Reports from 2016 found that of the 20,000 site inspections carried out last year, height safety failure remains to be most commonly identified breach by a long way.
According to the Building Safety Group, a total of 24,634 non-compliances were logged by safety advisors in 2016 with working at height accounting for 19% of all breaches recorded.
The second highest prevalent site injury was the inhalation of dust or fumes, accounting for five per cent of non-compliances.
These recent figures coincide with those released by the Health & Safety Executive (HSE), who reported that over the last five years, falling from height has killed 97 construction workers and amounted to 45% of all fatal injuries on site.
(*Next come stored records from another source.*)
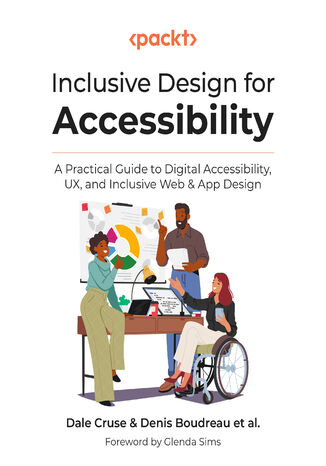 Inclusive Design for Accessibility. A Practical Guide to Digital Accessibility, UX, and Inclusive Web & App Design Dale Cruse, Denis Boudreau, Glenda Sims - okladka książki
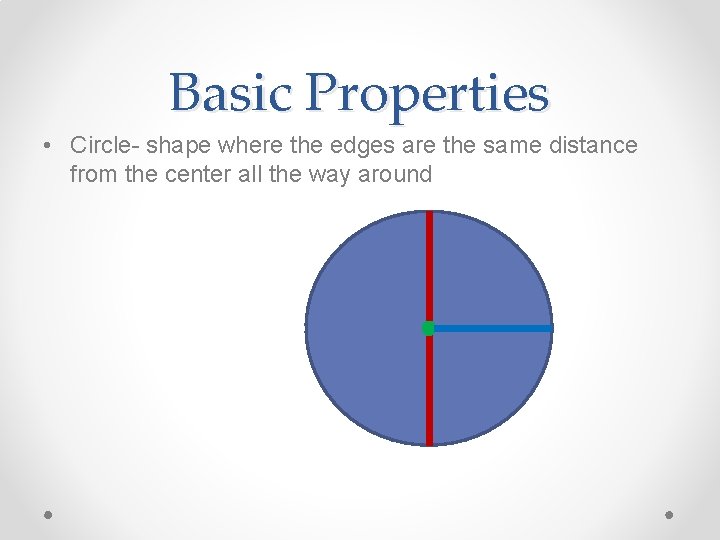 Basic Properties • Circle- shape where the edges are the same distance from the
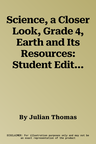 Science, a Closer Look, Grade 4, Earth and Its Resources: Student Edition (Unit C)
Whilst in the past couple of years, the number of fatalities has dropped,falling from height remains the biggest single cause of accidents on construction sites. In addition to this, it is the most prominent cause of non-fatal accident related injury, responsible for 33% of all non-fatal injuries. This includes 11% of incidents resulting in an absence from work of more than seven days.
The Building Safety Group claims that fragile roof lights, scaffolding and ladders are the three main sources of falls from height injuries and fatalities.
Chris Chapman, Building Safety Group’s technical manager, said: “Working at height is clearly the most dangerous activity carried out in the construction sector. Everyone can do more to ensure that work is properly planned, supervised and conducted by qualified workers who have the required skills for the task in hand.
“To significantly reduce the dangers of working at height, construction companies should always try to complete as much work as possible from the ground, ensure safe access and egress and importantly, make certain that any equipment used is suitable, stable and strong enough for the job.”